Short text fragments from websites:

--- START ---

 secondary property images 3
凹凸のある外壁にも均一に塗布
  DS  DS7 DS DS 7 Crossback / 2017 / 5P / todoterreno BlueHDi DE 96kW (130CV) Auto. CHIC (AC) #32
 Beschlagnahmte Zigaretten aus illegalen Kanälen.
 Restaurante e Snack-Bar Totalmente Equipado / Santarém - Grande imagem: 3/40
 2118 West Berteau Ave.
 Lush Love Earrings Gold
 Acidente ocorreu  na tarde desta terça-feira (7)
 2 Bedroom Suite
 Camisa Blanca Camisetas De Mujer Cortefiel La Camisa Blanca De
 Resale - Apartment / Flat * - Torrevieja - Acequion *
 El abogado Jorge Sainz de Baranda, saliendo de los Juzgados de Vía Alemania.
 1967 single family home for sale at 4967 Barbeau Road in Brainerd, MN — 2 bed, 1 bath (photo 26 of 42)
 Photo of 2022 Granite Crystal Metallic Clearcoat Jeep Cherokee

--- END ---

WHAT YOU ARE ASKED TO DO: Output the entries above word for word.

RESPONSE AREA:
 secondary property images 3
凹凸のある外壁にも均一に塗布
  DS  DS7 DS DS 7 Crossback / 2017 / 5P / todoterreno BlueHDi DE 96kW (130CV) Auto. CHIC (AC) #32
 Beschlagnahmte Zigaretten aus illegalen Kanälen.
 Restaurante e Snack-Bar Totalmente Equipado / Santarém - Grande imagem: 3/40
 2118 West Berteau Ave.
 Lush Love Earrings Gold
 Acidente ocorreu  na tarde desta terça-feira (7)
 2 Bedroom Suite
 Camisa Blanca Camisetas De Mujer Cortefiel La Camisa Blanca De
 Resale - Apartment / Flat * - Torrevieja - Acequion *
 El abogado Jorge Sainz de Baranda, saliendo de los Juzgados de Vía Alemania.
 1967 single family home for sale at 4967 Barbeau Road in Brainerd, MN — 2 bed, 1 bath (photo 26 of 42)
 Photo of 2022 Granite Crystal Metallic Clearcoat Jeep Cherokee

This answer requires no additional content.